Saturday, 7 November 2009 , ora 9.46
 
A concert exclusively dedicated to bass is rare in the Romanian musical scenery. The last musical evening of the "International Bass Weeks" Festival was more than that, as it was dedicated to the 80th anniversary of one of the masters of this instrument: professor Ion Cheptea. The concert which took place on Saturday, November 7 2009, at the Romanian Athenaeum, reunited an orchestra of 33 bass players, the majority of the musicians having been formed in Ion Cheptea's class, now professors and MA students at internationally renowned music institutions.

From concert works to chamber music, the programme included transcripts, and also adaptations for bass orchestra belonging to Ion Cheptea's former student, Daisuke Soga.
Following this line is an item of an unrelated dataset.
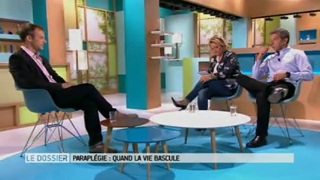 Comment traite-t-on un hématome extradural médullaire ?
Among the pieces for bass and piano I enjoyed the "interiorized" lyrism of Haydn's Divertimento in D major perfomed by Razvan Popescu, the"sinuous" character of Paul Hindemith's Sonata, performed by Botond Kostyák and the contrasts between the romantic outbursts and the unexpected "restraining" of tension in Grieg's Sonata in A minor, performed by Vladimir Toma.

I had a pleasant surprise listening to the members of the "Universitaria" orchestra from the National University of Music, conducted by Daisuke Soga, the musicians who accompanied Catalin Rotaru and Petru Iuga: I was impressed by the refinement of the vibrato and the diversity of nuances in Haydn's Concert in C major performed by the first of the two, whereas the second bass player struck me with the expresiveness with which he rendered happiness but also melancholy by going through a temporal imaginary "path" in Ceaikovsky's Variations on a Rococo theme. The concert ended with Daisuke Soga's Contrabassissimo suite with the name Cheptea enciphered in it, but also with a new version of Ciocarlia from the Romanian Rhapsody No. 1 by George Enescu along with 33 bass players performing "Happy Birthday" - probably the most beautiful wish a bass player can make.